On receiving notice, the appellant filed the application under Section 25(B) of the Act accompanied by an affidavit in which it was stated inter alia that on the face of even admitted facts the case pertains to a dispute over ownership and not a dispute as regards landlord and tenant. In paragraph 4 of the petition, it was specifically averred that the petitioner (respondent herein) has not put the respondent in possession as tenant but vide an agreement to sell after receiving full and final payment. It was alleged in paragraph 5 of the petition that the alleged tenancy is a figment and fiction of the mind of the petitioner which does not exist at all; that nothing whatsoever has been prima facie shown that the ownership was overnight turned into tenancy. It was also averred in the petition that the petitioner was trying to take fraudulent advantage of issuing two cheques to the respondent ( appellant herein) by saying that it was a refund of the sale consideration.
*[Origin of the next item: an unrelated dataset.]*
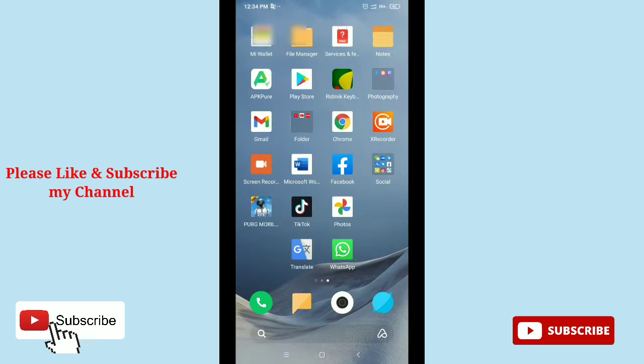So in this way, you can use Google Translate on WhatsApp chatting. Hope this video can help you. Don't forget to like and subscribe to my channel. Thank you everyone for watching this video.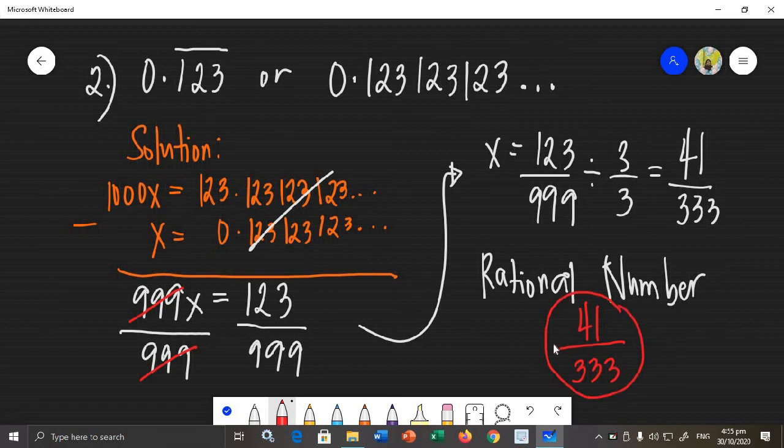That is how you change terminating and repeating decimals into rational numbers.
According to the appellant, there was no question of any refund of consideration. It was also alleged that the petition was false and fraudulent and there is no cause of action in favour of the petitioner.
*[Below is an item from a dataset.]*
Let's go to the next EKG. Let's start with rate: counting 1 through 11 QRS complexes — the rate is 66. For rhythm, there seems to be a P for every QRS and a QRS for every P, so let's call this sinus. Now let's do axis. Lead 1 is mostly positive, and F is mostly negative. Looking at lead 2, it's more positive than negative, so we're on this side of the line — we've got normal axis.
From the order passed by the Additional Rent Controller it appears that he proceeded on the assumption that the appellant had admitted the relationship of landlord and tenant between the parties. He observed in paragraph 4 of the order that the respondent in his application as well as in the accompanying affidavit has stated that the present case pertains to dispute of ownership and there is no dispute as regard to landlord and tenant. In paragraph 10 of the order while recording his findings on the essential ingredients of Section 14(1)(e) of the Act, the Additional Rent Controller observed he has specifically stated that there is no dispute as regard to landlord and tenant. On such consideration, the Additional Rent Controller declined to grant leave to the appellant to contest the prayer for eviction and allowed the eviction petition filed by the respondent. From the order of the High Court it appears that the Court has not adverted to the questions which arise for determination in the case. The court disposed of the Revision Petition filed by the appellant with the observation that since he has filed two suits for specific performance of the agreement of sale between the parties, he could approach the Civil Court for appropriate order of stay or direction.
By the order dated 19.7.1999, this Court issued notice to the respondent to show cause why the special leave petition should not be disposed of at notice stage itself for showing cause as to why till the petitioners suit for specific performance and title suit which are pending, are decided, the decree for possession should not be executed.
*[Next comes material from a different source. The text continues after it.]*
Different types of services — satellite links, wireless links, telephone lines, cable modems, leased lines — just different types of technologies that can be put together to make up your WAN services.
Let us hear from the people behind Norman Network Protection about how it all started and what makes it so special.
But at the hearing of the appeal, learned counsel appearing for both the parties have addressed the court on the question of validity and sustainability of the order passed by the Additional Rent Controller rejecting the application filed by the appellant under Section 25(B) of the Act.
Therefore, we will take up the question as formulated earlier.
In Section 25(B), the special procedure for the disposal of applications for eviction on the ground of bona fide requirement is laid down. Sub-Sections 1, 4, 6, 8 and 10 of the said section which are relevant for the purpose of the present case are quoted hereunder:
Section 25(B)- Special procedure for the disposal of applications for eviction on the ground of bona fide requirement- (1) Every application by a landlord for the recovery of possession of any premises on the ground specified in clause (e) of the proviso to sub-section (1) of Section 14, or under Section 14A ( or under Section 14B or under section 14C or under section 14D), shall be dealt with in accordance with the procedure specified in this section.
X x x x X x x x (4) The tenant on whom the summons is duly served (whether in the ordinary way or by registered post) in the form specified in the Third Schedule shall not contest the prayer for eviction from the premises unless he files an affidavit stating the grounds on which he seeks to contest the application for eviction and obtains leave from the Controller as hereinafter provided; and in default of his appearance in pursuance of the summons or his obtaining such leave, the statement made by the landlord in the application for eviction shall be deemed to be admitted by the tenant and the applicant shall be entitled to an order for eviction on the ground aforesaid.
X x x x (6) Where leave is granted to the tenant to contest the application, the Controller shall commence the hearing of the application as early as practicable.
X x x x (8)No appeal or second appeal shall lie against an order for the recovery of possession of any premises made by the Controller in accordance with the procedure specified in this section:
Provided that the High Court may, for the purpose of satisfying itself that an order made by the Controller under this Section is according to law, call for the records of the case and pass such order in respect thereto as thinks fit.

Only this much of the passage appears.